Your answer should consist of the line holding "Used Wuling Hongguang" and all lines after it to the end of the material, copied exactly.
[DATA — start]
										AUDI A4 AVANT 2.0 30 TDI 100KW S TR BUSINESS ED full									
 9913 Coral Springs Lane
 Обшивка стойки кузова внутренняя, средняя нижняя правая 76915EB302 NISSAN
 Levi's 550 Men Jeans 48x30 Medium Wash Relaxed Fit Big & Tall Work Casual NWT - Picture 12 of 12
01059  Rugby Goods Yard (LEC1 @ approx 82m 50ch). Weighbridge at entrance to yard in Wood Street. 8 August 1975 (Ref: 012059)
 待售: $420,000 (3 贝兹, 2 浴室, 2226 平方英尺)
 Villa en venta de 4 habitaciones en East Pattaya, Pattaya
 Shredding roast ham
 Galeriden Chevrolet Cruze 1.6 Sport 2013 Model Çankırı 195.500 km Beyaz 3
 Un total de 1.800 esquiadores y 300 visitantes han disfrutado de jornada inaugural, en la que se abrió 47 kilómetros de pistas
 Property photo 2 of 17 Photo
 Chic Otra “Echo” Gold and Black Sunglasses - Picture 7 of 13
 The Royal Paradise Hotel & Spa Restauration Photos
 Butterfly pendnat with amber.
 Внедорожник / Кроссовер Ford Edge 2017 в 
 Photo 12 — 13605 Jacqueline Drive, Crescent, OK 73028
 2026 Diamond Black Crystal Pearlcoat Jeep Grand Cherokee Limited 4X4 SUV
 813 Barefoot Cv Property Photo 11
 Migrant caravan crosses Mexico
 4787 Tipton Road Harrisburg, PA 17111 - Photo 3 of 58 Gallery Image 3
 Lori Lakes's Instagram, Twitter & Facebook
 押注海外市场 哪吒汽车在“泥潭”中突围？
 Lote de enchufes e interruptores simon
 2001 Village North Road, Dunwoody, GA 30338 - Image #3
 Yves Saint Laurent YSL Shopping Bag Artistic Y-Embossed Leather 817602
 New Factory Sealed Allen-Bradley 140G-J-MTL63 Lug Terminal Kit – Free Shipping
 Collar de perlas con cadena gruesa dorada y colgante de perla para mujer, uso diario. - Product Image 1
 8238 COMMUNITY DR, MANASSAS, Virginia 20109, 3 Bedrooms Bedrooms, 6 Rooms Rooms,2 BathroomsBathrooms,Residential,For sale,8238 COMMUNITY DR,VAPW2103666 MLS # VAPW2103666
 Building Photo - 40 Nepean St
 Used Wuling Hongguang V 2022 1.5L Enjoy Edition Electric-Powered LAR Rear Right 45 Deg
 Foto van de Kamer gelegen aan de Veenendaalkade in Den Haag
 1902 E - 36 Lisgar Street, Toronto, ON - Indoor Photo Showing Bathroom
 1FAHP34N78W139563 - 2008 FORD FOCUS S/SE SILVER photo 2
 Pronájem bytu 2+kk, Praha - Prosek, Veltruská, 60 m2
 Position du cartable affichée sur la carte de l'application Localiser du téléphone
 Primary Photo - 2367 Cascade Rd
[DATA — finish]
=== RESPONSE TO THE EXERCISE ===
 Used Wuling Hongguang V 2022 1.5L Enjoy Edition Electric-Powered LAR Rear Right 45 Deg
 Foto van de Kamer gelegen aan de Veenendaalkade in Den Haag
 1902 E - 36 Lisgar Street, Toronto, ON - Indoor Photo Showing Bathroom
 1FAHP34N78W139563 - 2008 FORD FOCUS S/SE SILVER photo 2
 Pronájem bytu 2+kk, Praha - Prosek, Veltruská, 60 m2
 Position du cartable affichée sur la carte de l'application Localiser du téléphone
 Primary Photo - 2367 Cascade Rd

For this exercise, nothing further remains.